Оставим пока так называемую естественную теологию, о которой будет идти речь потом, и спросим: благоразумно ли просить и ждать вечной жизни от богов поэтических, театральных, сценических? Разумеется, нет; пусть истинный Бог сохранит нас от такого крайнего и святотатственного безумия! Каким образом можно было бы просить вечной жизни у таких богов, которым подобные вещи нравятся и которых они умилостивляют, когда выводят на свет их преступления? Полагаю, что никто еще не доходил в своем безумии до такого дикого бесчестья. Итак, ни от басенной, ни от гражданской теологии никто не получает вечной жизни. Та, измышляя о богах постыдные вещи, сеет, а эта, благоприятствуя ей, пожинает.
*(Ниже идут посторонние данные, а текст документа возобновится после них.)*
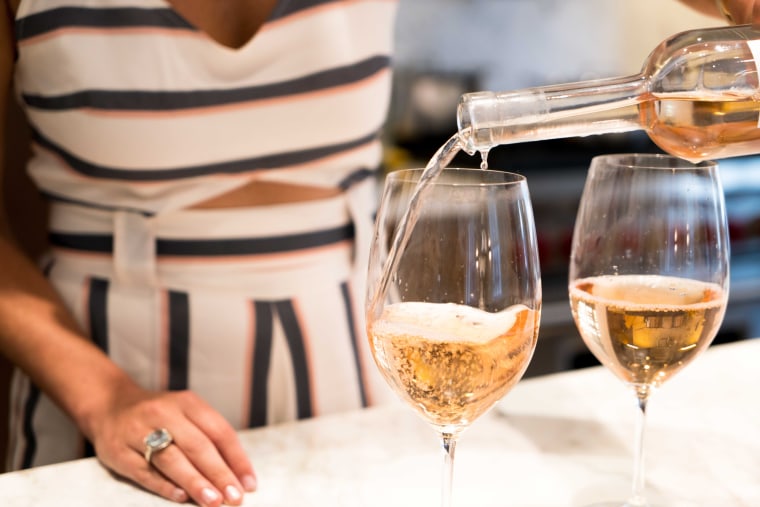 pouring a glass of rosé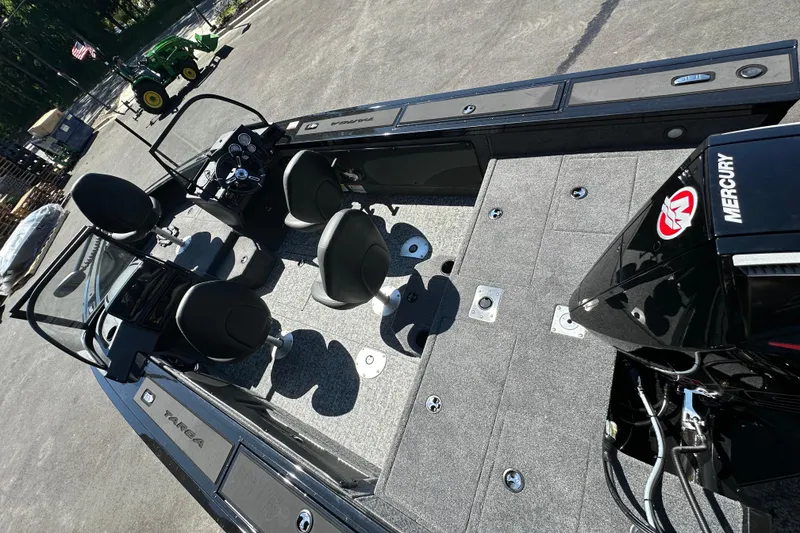Slide: The Image of 2026 Tracker Targa V-19 WT boat interior with seating and Mercury engine. - 2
Первая сеет ложь, последняя – собирает. Первая марает божественные вещи придуманными преступлениями, последняя шутливые представления преступлений вводит в число вещей божественных. Первая гнусные вымыслы о богах воспевает в стихах поэтов, последняя посвящает их богам во время самих празднеств богов. Первая воспевает, последняя делает предметом любви злодеяния и преступления богов. Та выдает или измышляет, эта или подтверждает действительное, или услаждается ложным. Обе они гнусны; обе достойны презрения; но та, театральная, проповедует публичное непотребство, а эта, гражданская, этим непотребством украшается. От того ли, спрашивается, ждать вечной жизни, чем оскверняется и настоящая кратковременная? Или сообщество людей негодных, когда они втираются к нам в расположение, оскверняет жизнь, а сообщество демонов, когда их чтут их же преступлениями, жизни не оскверняет? Ведь если их преступления – преступления действительные, то как злы они в таком случае! Если же ложные, то как худо они почитаются!
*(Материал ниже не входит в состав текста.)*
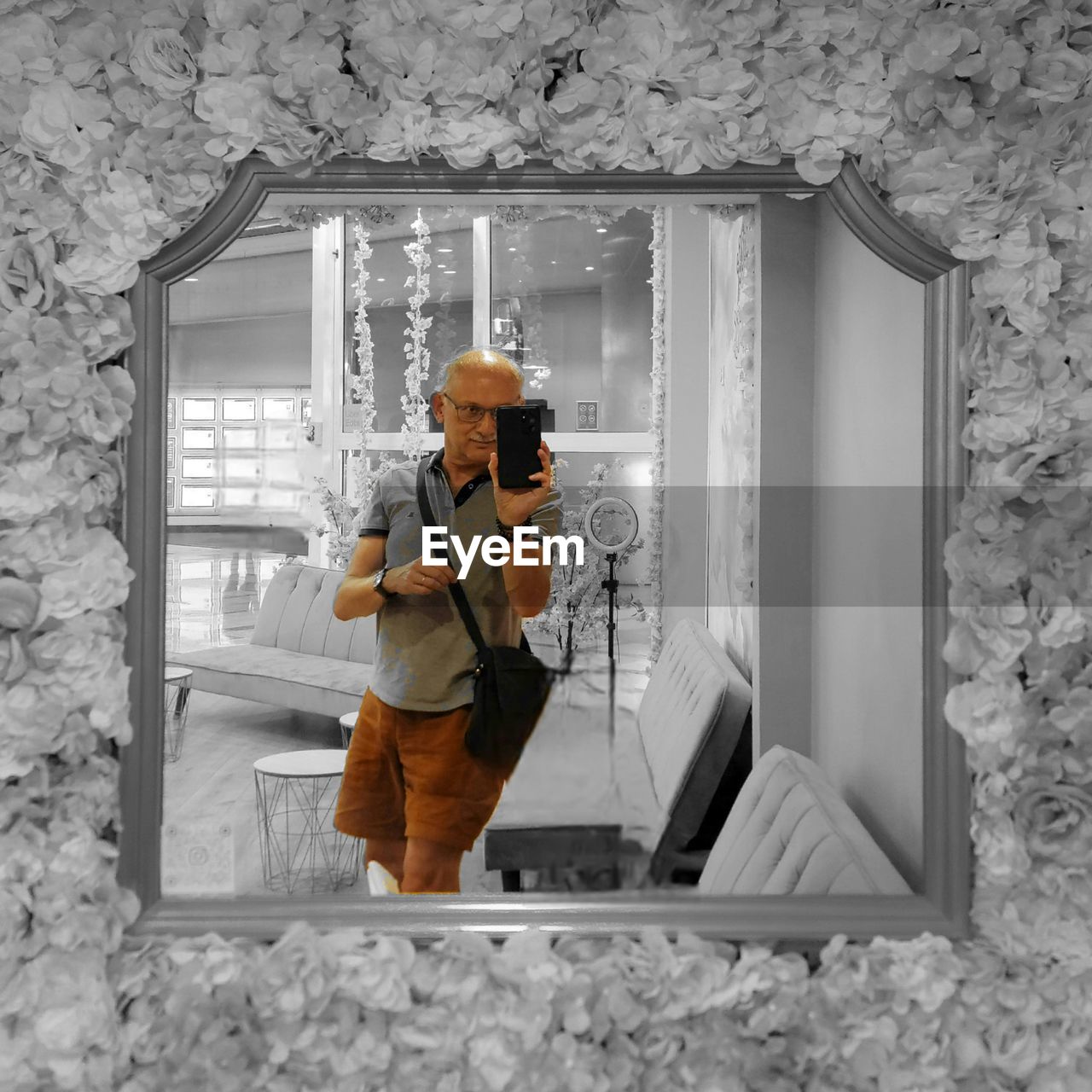 white, adult, wall, one person, indoors, standing, holding, technology, architecture, window, clothing, men, full length, young adult, person, casual clothing, lifestyles, wireless technology, occupation, built structure, communication, hat, activity, house, looking, wall - building feature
Читая это, человек, крайне несведущий в вещах подобного рода, может, пожалуй, подумать, что о богах разглашается преступным образом лишь то недостойное божественного величия и достойное осмеяния, что воспевается в стихах поэтов и представляется на сцене; но те священные действия, которые совершаются не гистрионами, а жрецами, свободны и чужды этой мерзости. Если бы это было так, в таком случае никто никогда не пришел бы к мысли совершать в честь богов театральные мерзости, и сами боги никогда не потребовали бы их для себя. Но потому и не было стыдно совершать такие вещи в угоду богам в театрах, что подобные им отправлялись и в храмах.
Сам Варрон, стараясь отличить гражданскую теологию как нечто особенное от теологии баснословной и естественной, давал понять, что она скорее образована из той и другой, чем совершенно обособлена от них. По его словам, произведения поэтов дают меньше, чем нужно знать народу, а сочинения философов, напротив, больше, чем народу полезно рассуждать. «И того и другого, – говорит он, – следовало избежать, и потому из обоих родов немало взято для целей гражданских. Поэтому вместе с гражданскими вещами мы описываем и то, что они имеют общего с поэтами, хотя в данном отношении у нас больше общего с философами, чем с поэтами». Значит, есть общее и с поэтами. Но в другом месте Варрон говорит, что относительно поколений богов народы склонялись более на сторону поэтов, чем физиков. Очевидно, что в первом случае он говорит о том, что должно быть, а в другом – о том, что есть в действительности. По его словам, физики писали ради пользы, а поэты ради удовольствия. Поэтому то, чему из написанного поэтами народы не должны следовать, представляет собой описания преступлений богов. А между тем, преступления эти доставляют наслаждение и народу, и самим богам! Он говорит, что поэты пишут ради удовольствия, а не ради пользы. А пишут, однако же, такое, чего боги от народов ждут, а народы дают!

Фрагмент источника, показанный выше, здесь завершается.